India’s central bank backs AI to widen access to loans
India’s central bank says responsible use of AI and alternative financial data could help lenders extend credit to small businesses and borrowers who struggle with traditional asse
By The Register
India’s central bank has urged lenders to explore how artificial intelligence could help provide loans to people and businesses that may struggle to qualify under traditional credit assessments.
Reserve Bank of India governor Sanjay Malhotra said AI should be responsibly harnessed by the financial sector rather than treated solely as a risk that needs to be contained.
Speaking at the FIBAC banking conference in Mumbai, Malhotra argued that new technology could help lenders assess potential borrowers using a wider range of information than conventional credit histories.
That could include cash-flow data, Goods and Services Tax filings, utility payments and other digital information.
The approach could be particularly significant for first-time borrowers, gig workers and small businesses that do not have extensive financial records or formal accounts.
Traditional lending decisions often depend on established credit histories, documented income and other financial information.
People or businesses without those records can therefore struggle to demonstrate their ability to repay even when their underlying finances may support a loan.
AI systems capable of analysing alternative sources of financial information could give lenders another way of assessing that risk.
Malhotra said the technology has the potential to help financial institutions improve efficiency, manage risk and extend access to financial services.
But the RBI is also demanding safeguards around its use.
Banks are expected to maintain an inventory of the AI systems they operate and establish governance policies approved at board level.
Financial institutions should also be able to explain automated decisions that have significant consequences for customers.
That requirement is particularly important in lending, where an opaque automated decision could affect someone’s ability to obtain credit without giving them a clear understanding of why they were rejected.
The central bank also wants AI systems to be tested before deployment and monitored after they begin operating.
Meaningful human oversight should remain in areas where an automated error could cause significant harm.
Malhotra highlighted several risks associated with greater use of AI in finance, including biased decision-making, lack of transparency, privacy concerns, cybersecurity threats and dependence on external technology providers.
Those concerns are becoming increasingly important as banks and other financial institutions introduce AI into areas previously handled predominantly by employees.
Credit assessment is potentially one of the most consequential applications.
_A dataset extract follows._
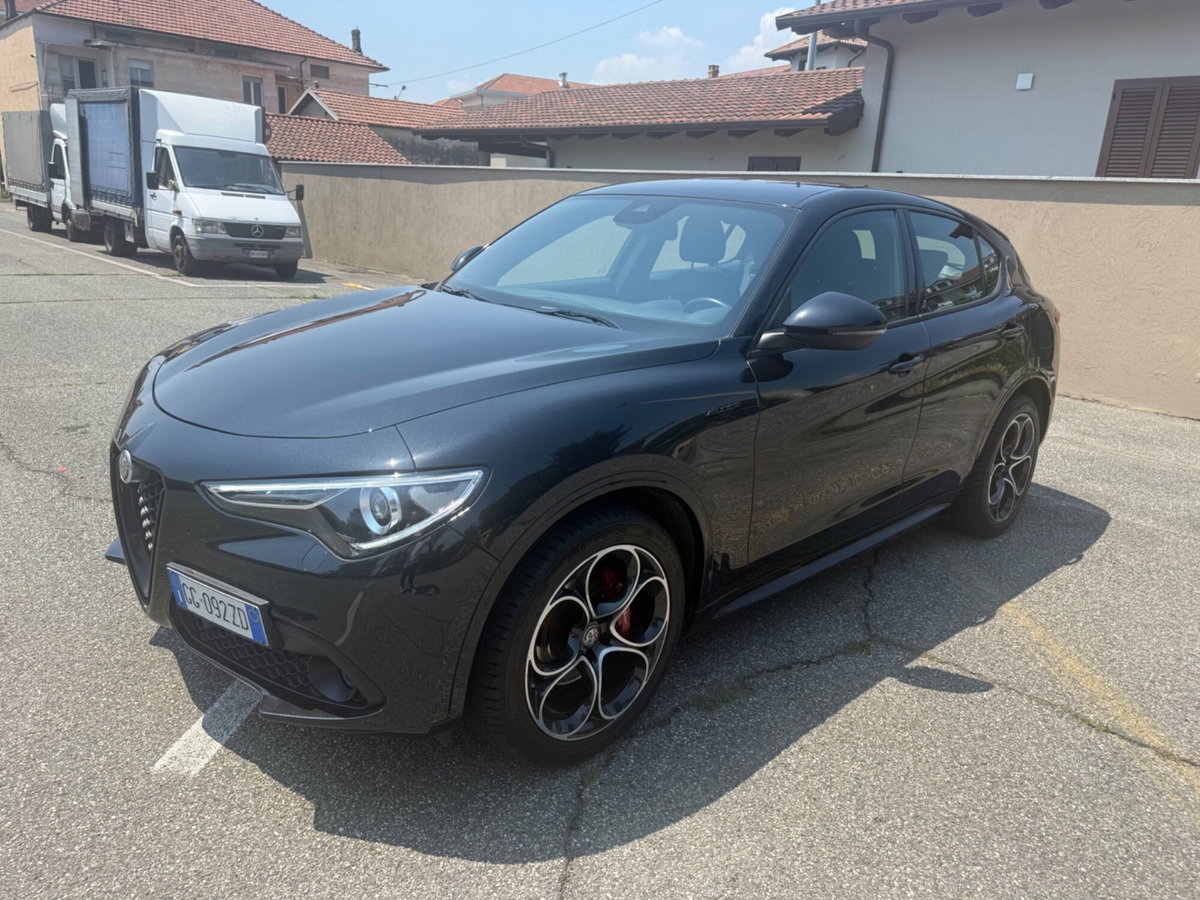 Alfa Romeo Stelvio Stelvio 2.2 Turbodiesel 210 CV AT8 Q4 Veloce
Used effectively, AI could allow banks to consider evidence that conventional lending models overlook and potentially make finance available to viable borrowers who would otherwise be rejected.
Poorly designed systems, however, could reproduce existing biases or introduce new ones while making it more difficult for customers to challenge decisions.
The RBI’s approach therefore combines encouragement to adopt the technology with requirements for accountability, testing and human oversight.
Although the initiative is focused on India’s banking system, the underlying issue is becoming increasingly relevant internationally as financial institutions consider how far AI should be allowed to influence decisions over who receives credit.
For banks, regulators and borrowers, the question is moving beyond whether AI will be used in lending towards how those systems should be governed when their decisions have real financial consequences.